**WHAT IS EXPECTED:** Copy exactly the lines of the data below, beginning with the line with "Zestaw do Matcha" and ending with the line with "Juniors Textured Hooded". Pictures are to be omitted.

**SUPPLIED MATERIAL:**
######

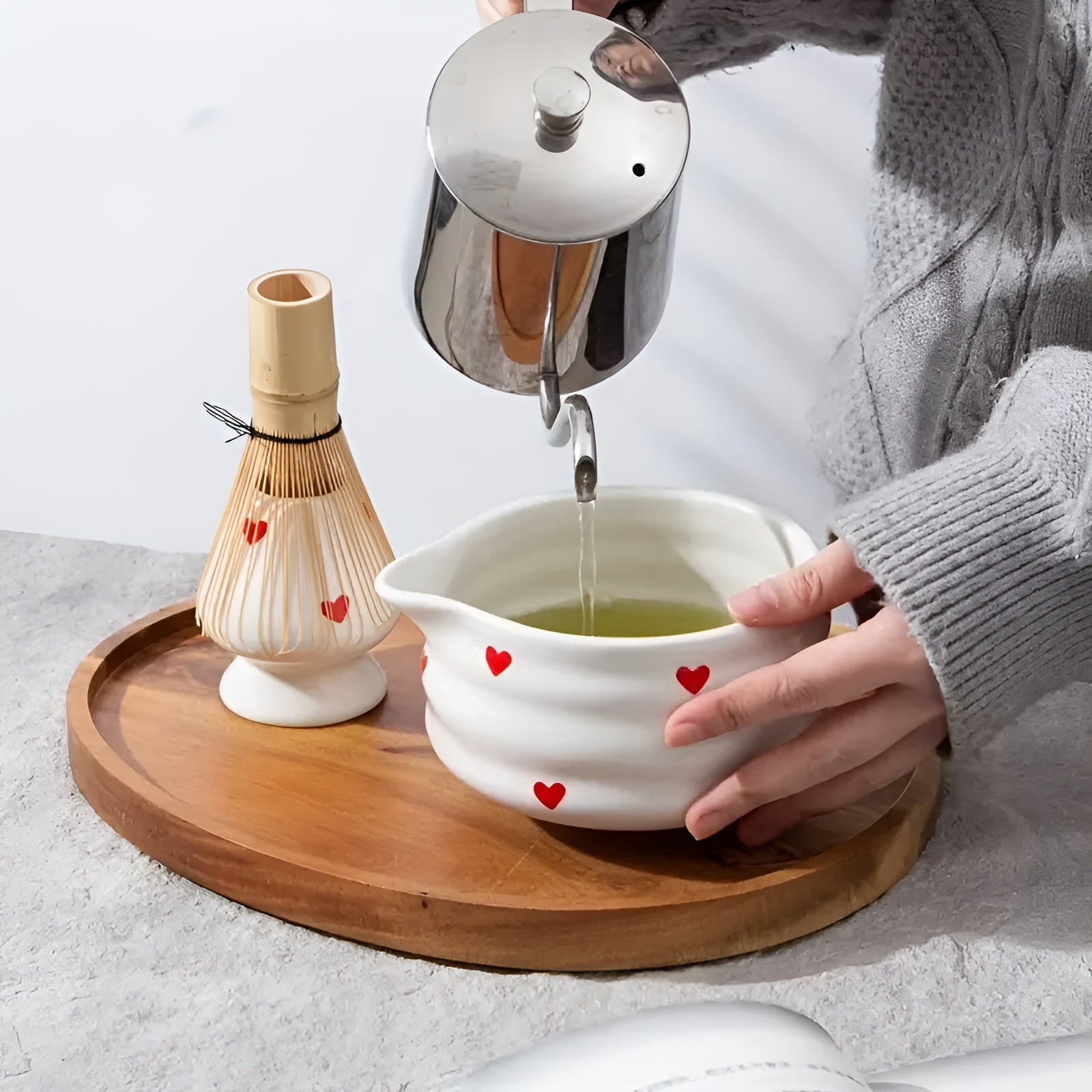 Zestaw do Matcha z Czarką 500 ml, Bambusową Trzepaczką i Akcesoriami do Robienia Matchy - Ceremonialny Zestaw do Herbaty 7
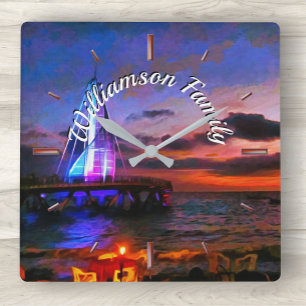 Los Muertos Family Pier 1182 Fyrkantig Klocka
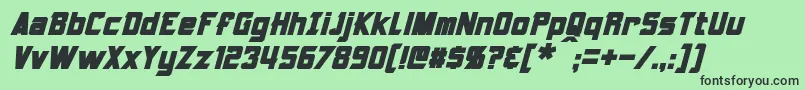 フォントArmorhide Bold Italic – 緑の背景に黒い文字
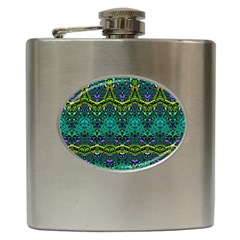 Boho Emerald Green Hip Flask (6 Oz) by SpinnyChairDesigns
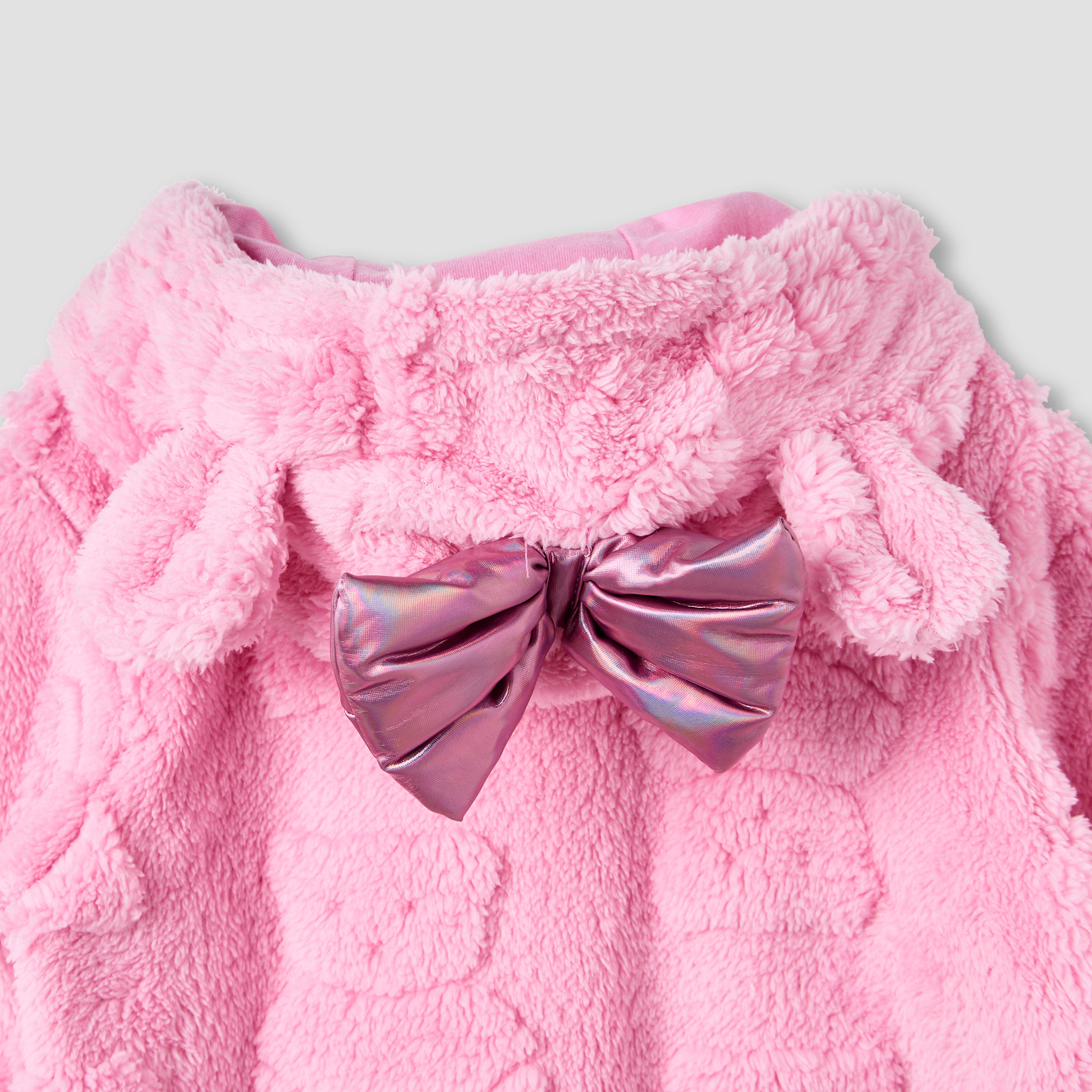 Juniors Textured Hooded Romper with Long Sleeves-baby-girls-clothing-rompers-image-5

######

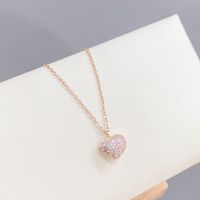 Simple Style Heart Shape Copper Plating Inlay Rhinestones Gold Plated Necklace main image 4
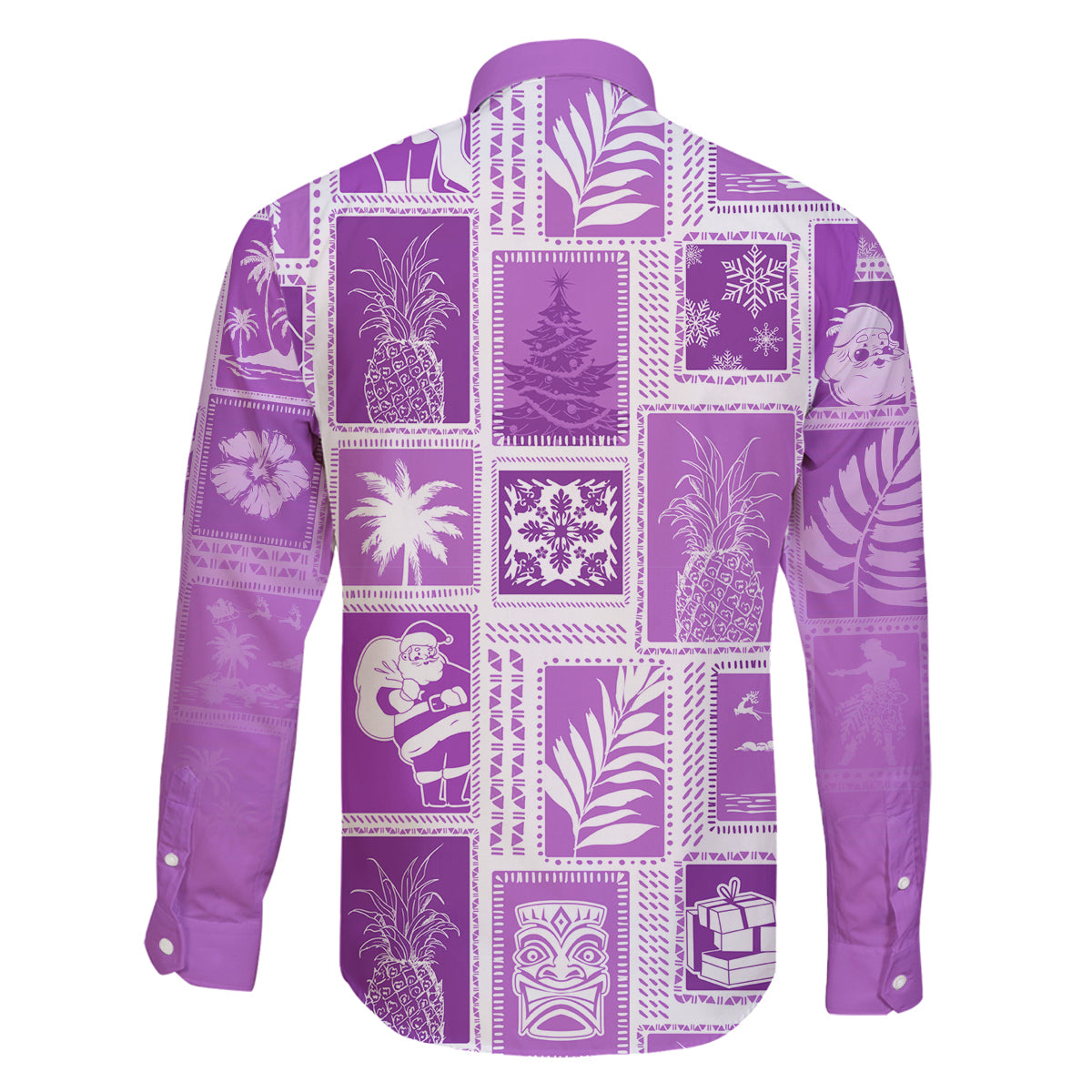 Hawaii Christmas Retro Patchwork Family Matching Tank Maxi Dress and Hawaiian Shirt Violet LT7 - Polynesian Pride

######

**RESULT:**
 Zestaw do Matcha z Czarką 500 ml, Bambusową Trzepaczką i Akcesoriami do Robienia Matchy - Ceremonialny Zestaw do Herbaty 7
 Los Muertos Family Pier 1182 Fyrkantig Klocka
 フォントArmorhide Bold Italic – 緑の背景に黒い文字
 Boho Emerald Green Hip Flask (6 Oz) by SpinnyChairDesigns
 Juniors Textured Hooded Romper with Long Sleeves-baby-girls-clothing-rompers-image-5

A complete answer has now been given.